N’oublions pas, à l’époque dont nous nous occupons, les services rendus par les hospitalières de Québec. Les marins, les immigrants, les employés de la traite et surtout les familles déjà établies autour de la capitale, ainsi que celles des Trois-Rivières, recouraient aux soins si dévoués et si intelligents des bonnes religieuses. Les difficultés de la navigation maritime occasionnaient alors grand nombre de maladies ; en débarquant des navires, bien des personnes étaient forcées de passer à l’hôpital. D’un autre côté, la guerre des Iroquois, qui faisait tant de victimes, amenait souvent des blessés à la maison des sœurs. Et puis, tout favorable que soit le climat de notre pays, il ne laissait point de causer des dérangements dans certaines santés, surtout parmi les nouveaux colons. C’était une œuvre des plus méritoires que celle des hospitalières ; aussi voit-on, par tous les témoignages qui nous sont parvenus, qu’elle était entourée du respect général.

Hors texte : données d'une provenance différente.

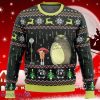 Studio Ghibli Totoro Rain Ugly Christmas Sweater Unique Gift For Men And Women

Aux citations nombreuses que nous avons déjà mises devant le lecteur relativement à l’origine des Canadiens, ajoutons celles qui suivent. M. Pierre Boucher écrivait en 1663 : « Il est vrai que ce pays de la Nouvelle-France a quelque chose d’affreux à son abord ; car, à

  1. Le Canadien ne subit de règle qu’en autant qu’il le juge à propos.
  2. Nous dirons plus tard pourquoi les Relations furent supprimées.